The Company has a whistle blower policy to report genuine concerns or grievances. The Whistle Blower Policy has been posted on the website of the Company (www.boraxmorarji.com).

RELATED PARTY TRANSACTIONS

All related party transactions that were entered into during the financial year were on an arm’s length basis and were in the ordinary course of business. There are no materially significant related party transactions made by the Company with Promoters, Directors, Key Managerial Personnel or other designated persons which may have a potential conflict with the interest of the Company at large.

All related Party Transactions are placed before the Audit Committee as also the Board for approval. Prior omnibus approval of the Audit Committee is obtained on a quarterly basis for the transactions which are of a foreseen and repetitive nature. The transactions entered into pursuant to the omnibus approval so granted are audited and a statement giving details of all related party transactions is placed before the Audit Committee and the Board Of Directors for their approval on a quarterly basis. The statement is supported by a Certificate for the Managing Director & the CFO. The Company has developed a Related Party Transactions Manual, Standard Operating Procedures for purpose of identification and monitoring of such transactions.

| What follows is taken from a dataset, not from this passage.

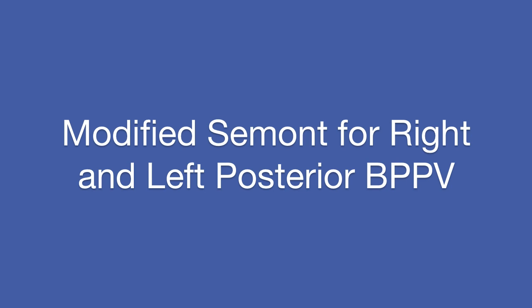This is a modified CMOP maneuver for right and left posterior BPPV. This is more of an aggressive maneuver for refractory BPPV.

The Policy on related Party Transactions as approved by the Board in uploaded on the Company’s website.

None of the Directors has any pecuniary relationships or transactions vis--vis the Company.

RISK MANAGEMENT POLICY

The Company has formulated a Risk Management Policy which reflects the overall risk management philosophy, the Company’s over all approach to risk management, risk assessment, risk mitigation mechanism and the roll and responsibilities for risk management. risk management forms an integral part of the business planning and review cycle.

The Company’s risk Management Policy is designed to provide reasonable assurance that objectives are met by integrating management control into the daily operations, by ensuring compliance with legal requirements and by safe guarding the integrity of the Company’s financial reporting and its related disclosures.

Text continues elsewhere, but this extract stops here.